Bug 1628701
| Summary: | [RFE] Allow resource/operation defaults to be defined for particular resource/operation types | ||
|---|---|---|---|
| Product: | Red Hat Enterprise Linux 8 | Reporter: | Shane Bradley <sbradley> |
| Component: | pacemaker | Assignee: | Chris Lumens <clumens> |
| Status: | CLOSED ERRATA | QA Contact: | cluster-qe <cluster-qe> |
| Severity: | medium | Docs Contact: | |
| Priority: | high | ||
| Version: | 8.0 | CC: | cfeist, clumens, cluster-maint, dciabrin, idevat, kgaillot, michele, nwahl, omular, phagara, pkomarov, sbradley, tojeline |
| Target Milestone: | pre-dev-freeze | Keywords: | FutureFeature |
| Target Release: | 8.3 | Flags: | pm-rhel:
mirror+
|
| Hardware: | Unspecified | ||
| OS: | Unspecified | ||
| Whiteboard: | |||
| Fixed In Version: | pacemaker-2.0.4-3.el8 | Doc Type: | No Doc Update |
| Doc Text: |
Any corresponding pcs functionality should be documented instead.
|
Story Points: | --- |
| Clone Of: | Environment: | ||
| Last Closed: | 2020-11-04 04:00:53 UTC | Type: | Feature Request |
| Regression: | --- | Mount Type: | --- |
| Documentation: | --- | CRM: | |
| Verified Versions: | Category: | --- | |
| oVirt Team: | --- | RHEL 7.3 requirements from Atomic Host: | |
| Cloudforms Team: | --- | Target Upstream Version: | |
| Embargoed: | |||
| Bug Depends On: | |||
| Bug Blocks: | 1579221, 1817547 | ||
As you pointed out, the docker resource is created by pacemaker behind the scenes. There is no docker resource in the CIB and therefore, as far as I know, it is impossible for pcs to set its instance, meta and utilization attributes as well as operations. It is possible to set bundles meta attributes with 'pcs resource bundle create ... meta ...' and 'pcs resource bundle update ... meta ...'. These are inherited by implicit resources created by pacemaker for the bundle. As I understand bundles, not having the docker (or other container), pacemaker remote, ip and other resources in the CIB is the whole point of bundles: to make the configuration easier for the users by not requiring them to set, configure and view a bunch of resources and instead creating them in pacemaker behind the scenes. If they really want to configure these all in details, then they can create and manage all the resources by themselves instead of using bundles. Moving to pacemaker for further discussion. I wouldn't want to give direct access to the implicit resources' XML, but I could see having new options for the values that could reasonably be changed.

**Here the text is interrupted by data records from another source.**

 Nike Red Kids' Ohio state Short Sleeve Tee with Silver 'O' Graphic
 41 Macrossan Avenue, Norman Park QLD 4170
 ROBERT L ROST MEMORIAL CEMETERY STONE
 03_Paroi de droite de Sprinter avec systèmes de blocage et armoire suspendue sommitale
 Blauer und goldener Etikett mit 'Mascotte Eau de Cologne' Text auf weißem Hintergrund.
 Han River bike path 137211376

One option would be to use any timeouts specified on the bundled resource for the implicit resources. I'm leaning against this, because the time a bundled resource takes to do something is not related to the time it takes to launch a container or connect to Pacemaker Remote, and because bundles can be specified without a resource (to simply manage a container as a "black box").
The other option would be to provide new syntax to set the container operation timeouts. I could see one of these two approaches:
<docker ... container-start-timeout="50s" container-monitor-timeout="30s">
or
<docker ...>
<operations>
<op id="docker-monitor" interval="60s" name="monitor" timeout="30s"/>
<op id="docker-start" interval="0" name="start" timeout="50s"/>
</operations>
</docker>
I can't see this being a per-bundle kind of change. Can we have a top-level cluster property that sets the timeout for all bundle operations? Are we concerned only with a single timeout to be used for all implicit container resource ops? If so, then a new container-timeout option makes sense, whether as a cluster-wide property, or a per-bundle meta-attribute that could be set once in rsc_defaults. Pro: easy to understand and configure.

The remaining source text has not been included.